The social media giant had both blocked users from sharing a link to the article and from sharing the link with other users through direct message.

The agency ruled that the social media company did not act out of political motivation but for a commercial purpose and therefore did not break the law, according to a explanation of the decision acquired by The New York Times.

Twitter’s censorship of the October Hunter Biden article triggered backlash from conservatives and Republican lawmakers, who argued that such preferential treatment of a presidential candidate’s family member by a tech titan constituted an “illegal in-kind contribution” to the campaign.

The Post story, based on email correspondence between Hunter Biden and an executive at Ukrainian energy firm Burisma Holdings, presented incriminating evidence that the Ukrainian company may have exploited the president’s son’s political leverage. Hunter Biden joined the board of Burisma in April of 2014.

The emails at the heart of the Post article were reportedly recovered from a laptop computer that was left behind at a repair shop in Delaware in April 2019 but never collected.

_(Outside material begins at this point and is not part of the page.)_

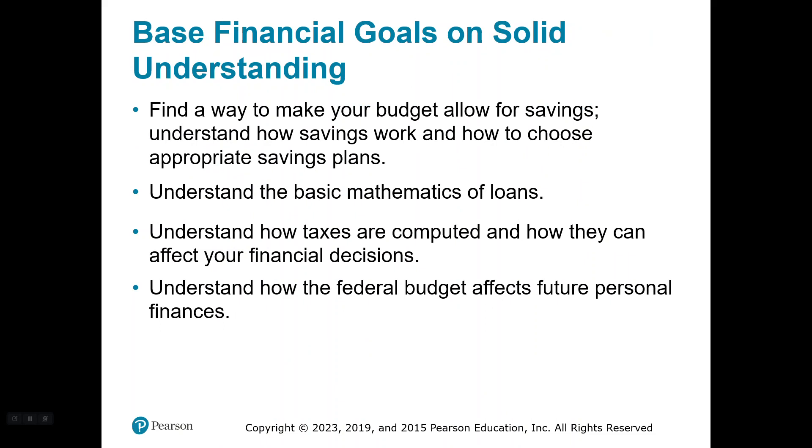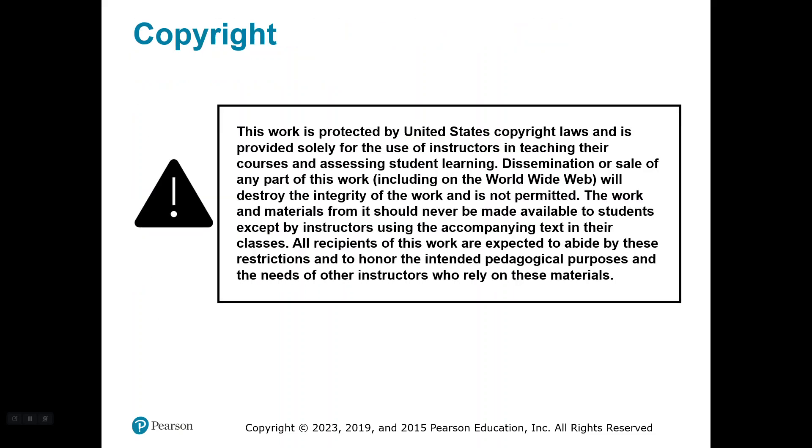It saves you $4,600, which is pretty awesome, but frustrating that we have to pay so much. Let's base financial goals on solid understanding: find a way to make your budget allow for savings, understand how savings work and how to choose an appropriate savings plan, understand the basic mathematics of loans, and understand how taxes are computed and how they affect your financial decisions. We're also going to talk about how the federal budget affects your personal finances. The older you get, the more you realize the government really is in control of your paycheck. That's it for this lecture. Thanks for listening.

The owner of the repair shop, John Paul Mac Isaac, reported the laptop’s contents to authorities and entered into communication with the FBI, which subsequently secured possession of the device, Fox News reported.

The FBI subpoenaed the laptop and hard drive allegedly belonging to Hunter Biden as part of an investigation into alleged money laundering.

A senior federal law enforcement official told Fox News that the emails extracted from the laptop were “authentic.” Rudy Giuliani, then chief of the Trump campaign legal team, had acquired the emails and provided them to the Post, which then published its exposé of the Biden family’s alleged international business malfeasance.

The FEC decided last month that Twitter had “credibly explained” that it blocked the article from being shared in accordance with its “hacked materials” policy. That policy prohibits uploading content “obtained through hacking that contains private information, may put people in physical harm or danger, or contains trade secrets.” Critics pointed out that the material was not hacked, but rather taken from a laptop that became property of the repair shop owner after Hunter failed to retrieve it. Twitter has also declined to block many articles that were actually based on hacked material.

Two weeks after the story broke on October 30th, Twitter unlocked the Post’s account. CEO Jack Dorsey recognized in October that blocking links “with zero context as to why” had been “unacceptable.”

The company then promised to revise its hacked materials policy and permit articles like the Post’s to be distributed with accompanying labels providing more context.

At a House hearing on the matter in March, Twitter CEO Jack Dorsey admitted his company’s decision to suppress the story was a “mistake,” but one that was not necessarily malicious in intent.

“It was literally just a process error. This was not against them [the Post] in any particular way,” Dorsey told members of the House Energy and Commerce Committee, in comments reported by the Post.

Twitter’s head of site integrity reportedly had been notified by federal law enforcement early in the 2020 election cycle to anticipate the disclosure of materials by “malign state actors” designed to target political campaigns and those associated with them, including Hunter Biden, the F.E.C. documents showed.